(Captioned web images)
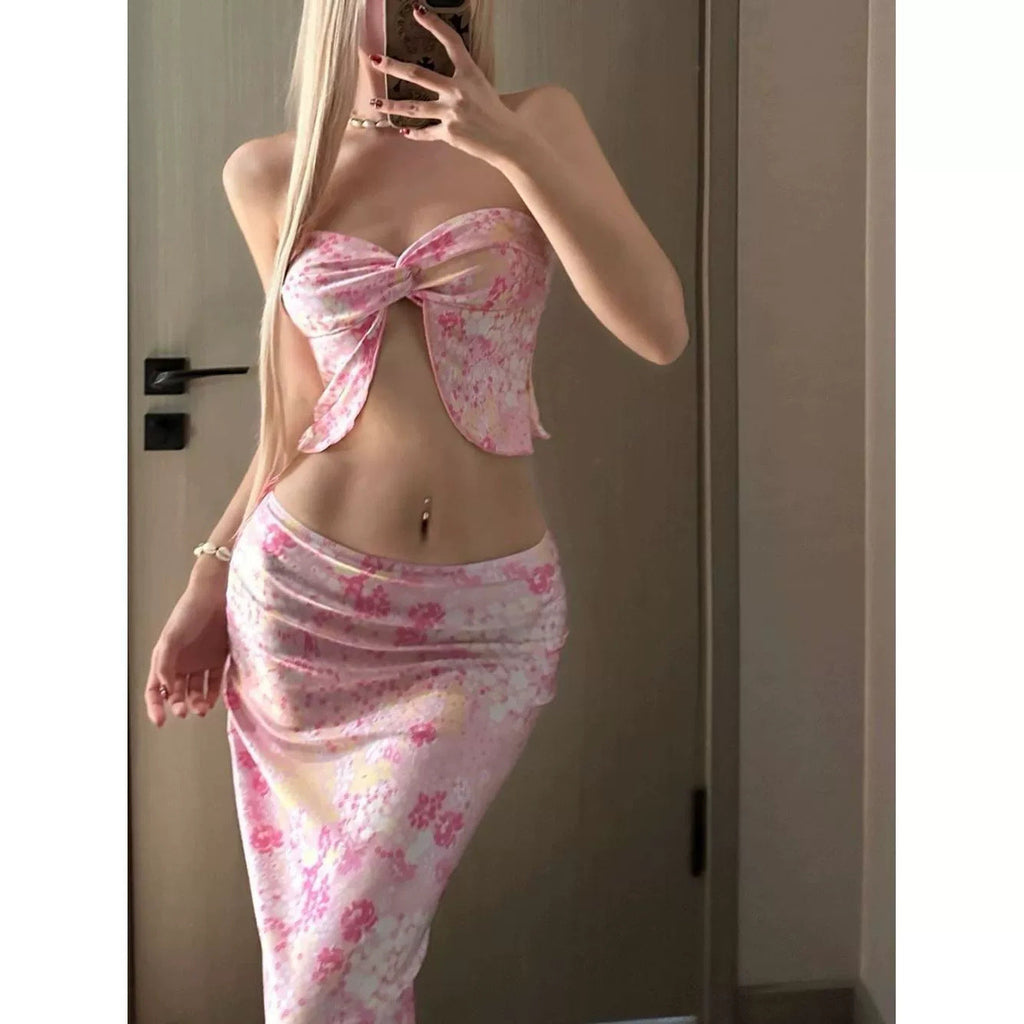 Vacation Printing Tube Top Dress Slimming Sexy With Breast Pad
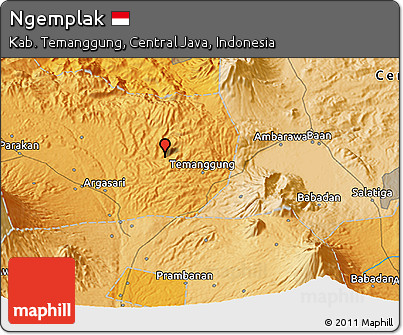Political 3D Map of Ngemplak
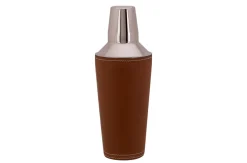 Cocktail shaker RVS bruin leder
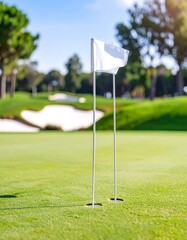 Obraz premium A golf course green with a white flag marking the hole, surrounded by lush grass and sand bunkers.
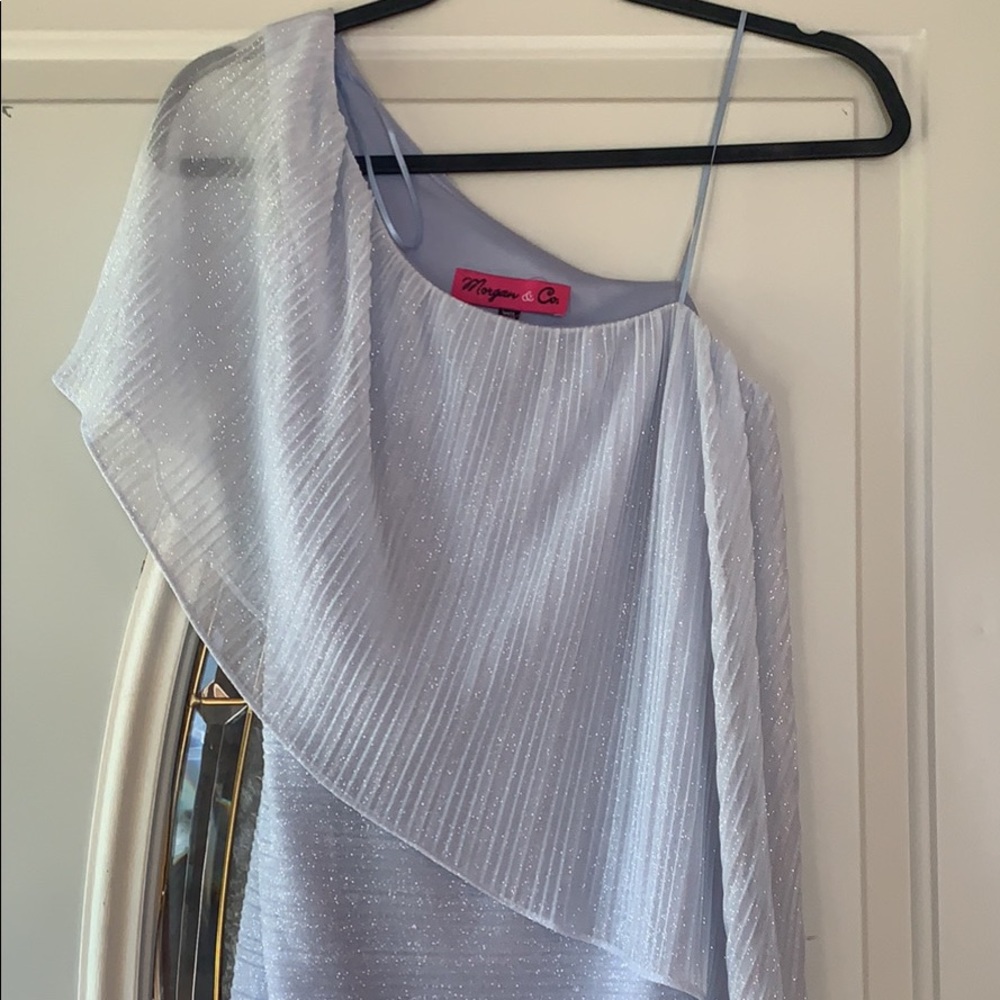 Light Blue with Silver Sparkles Formal Dress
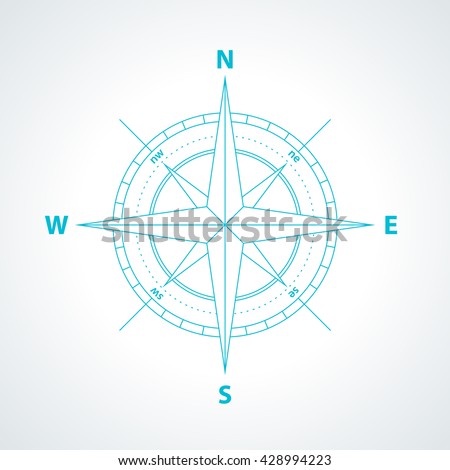 Simple wind rose isolated on white background. Modern thin line compass icon illustration.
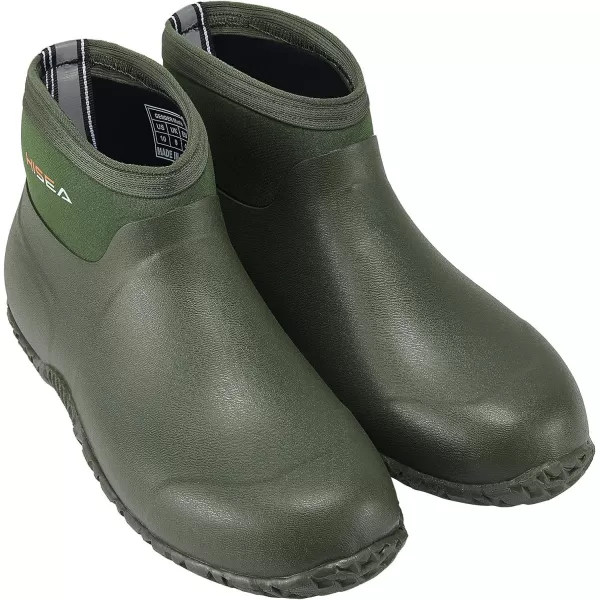 HISEA Men's Rain Boots, Ankle Height Garden Shoes Waterproof Rubber Neoprene Mud Boots Durable Insulated Short Outdoor Work Booties for Gardening Farming Camping Fishing and Yard Working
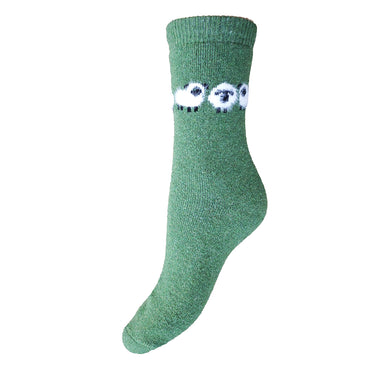 Thick Green socks with flock of fluffy sheep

Work item:
For this answer, return word for word the lines from the first line of the records through the line containing "Light Blue with Silver Sparkles Formal Dress". Omit the pictures.

Response to the exercise:
 Vacation Printing Tube Top Dress Slimming Sexy With Breast Pad
Political 3D Map of Ngemplak
 Cocktail shaker RVS bruin leder
 Obraz premium A golf course green with a white flag marking the hole, surrounded by lush grass and sand bunkers.
 Light Blue with Silver Sparkles Formal Dress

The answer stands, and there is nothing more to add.